EmbarkStudios / texture-synthesis

🎨 Example-based texture synthesis written in Rust 🦀

Home Page:http://embark.rs

Geek Repo:Geek Repo

Github PK Tool:Github PK Tool

Undefined Behavior in Generator::update

ralfbiedert opened this issue · comments

This is an awesome tool, thanks for making this available for studying! One minor implementation thing:

In Generator::update you have:

// A little cheat to avoid taking excessive locks.
//
// Access to `coord_map` and `color_map` is governed by values in `self.resolved`,
// in such a way that any values in the former will not be accessed until the latter is updated.
// Since `coord_map` and `color_map` also contain 'plain old data', we can set them directly
// by getting the raw pointers. The subsequent access to `self.resolved` goes through a lock,
// and ensures correct memory ordering.
#[allow(clippy::cast_ref_to_mut)]
unsafe {
    *(self.coord_map.as_ptr() as *mut (Coord2D, MapId)).add(flat_coord.0 as usize) =
        (example_coord, example_map_id);

    *(self.id_map.as_ptr() as *mut (PatchId, MapId)).add(flat_coord.0 as usize) = island_id;

    *(self.color_map.get_pixel(update_coord.x, update_coord.y) as *const image::Rgba<u8>
        as *mut image::Rgba<u8>) = *example_maps[example_map_id.0 as usize]
        .get_pixel(example_coord.x, example_coord.y);
}

Unfortunately, I believe, this is undefined behavior. The documentation for Vec::as_ptr states

"The caller must also ensure that the memory the pointer (non-transitively) points to is never written to (except inside an UnsafeCell) using this pointer or any pointer derived from it."

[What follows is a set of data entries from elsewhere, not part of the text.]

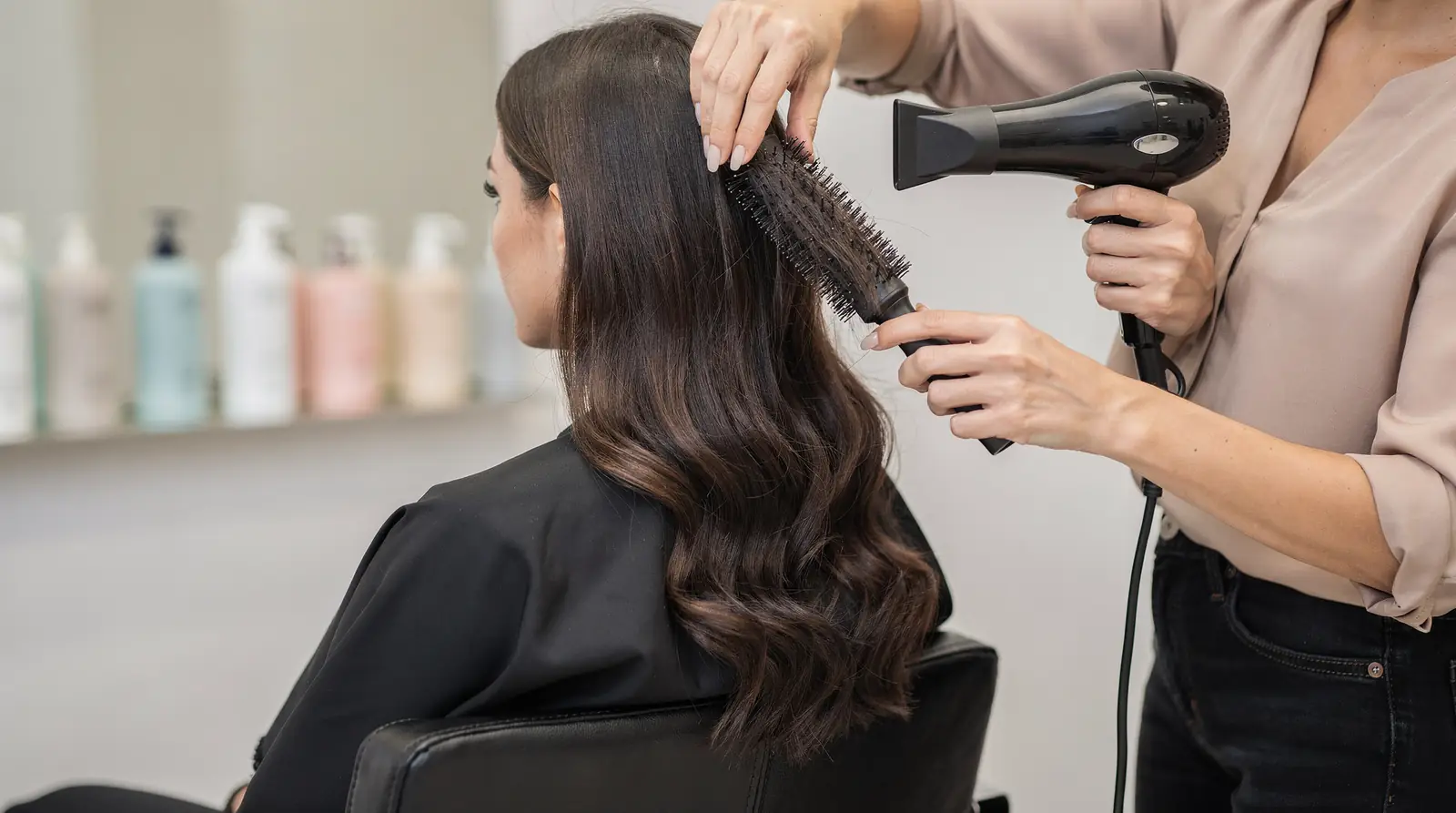 A proper blowout routine starts in the shower, since hair must be shampooed and wet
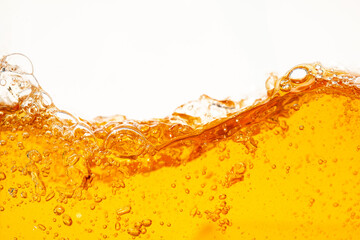 Close up bright orange Oil or beer splash texture and nature waves, Beautiful waves curve and...
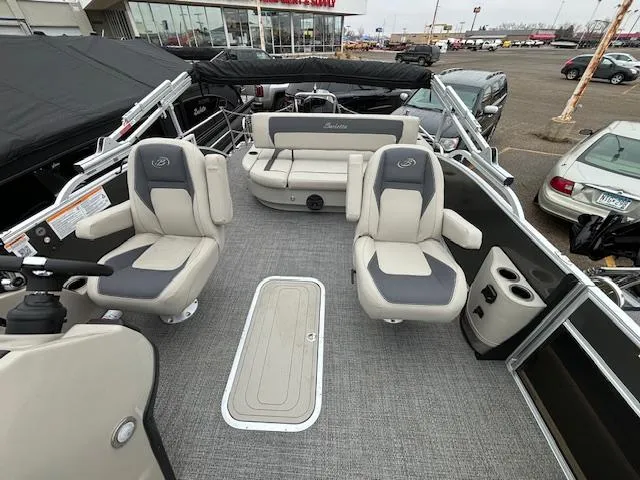 Slide: The Image of 2024 Barletta ARIA 22UC pontoon boat interior with plush seating and modern design. - 8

The problem with UB (here) is not the order of access governance during runtime; but a property of the code during compile time; as a "contract" between the programmer and the compiler are formed regarding what is possible with that pointer.

Although today this might work just fine, any future compiler version (or code change, or different LLVM target backend) could invoke this contract, and exploit the guarantee that e.g., coord_map's backing heap storage "could not" have been changed via the as_ptr() pointer.

When that happens, the program might be 'optimized' in arbitrary ways, basically anything goes.

Possible Solutions

Just some random brainstorming:

  • Put content of the maps into UnsafeCells (might look a bit ugly)
  • Add locks like for other fields (overhead)
  • Take &self as &mut self (probably interferes with the crossbeam_utils::thread::scope closure and needs more rearchitecting)

Misc

Bonus quote from rkruppe since I was unsure about as_ptr myself:

[...] The precise rules for when mutation is allowed and through what pointers are still undecided, but the current best proposals (Ralf Jung's stacked borrows in its various iterations) are not primarily about what references are "floating around" somewhere but about permission to read/write for each part of memory (each of which applies to a subset of pointers and the permissions change as references and pointers get created and used). The code in as_ptr never creates any permission to mutate the Vec's buffer, so writing to it is UB [...]

So sweeping undefined behavior under the rug doesn't automatically make it well-defined? Fine, I guess I'll fix it 😛

Thanks for the report and elaborate description! This was in the bucket of "I know, Clippy, but I can't be bothered right now; what's the worst that could happen?", but you're of course right. I did want to keep the performance benefits, so adding locks didn't seem that attractive. Threading of course got into the way with mutable refs, and it also didn't like UnsafeCells, as they are not Sync. Wrapping them up in specialized structs seems to do the trick!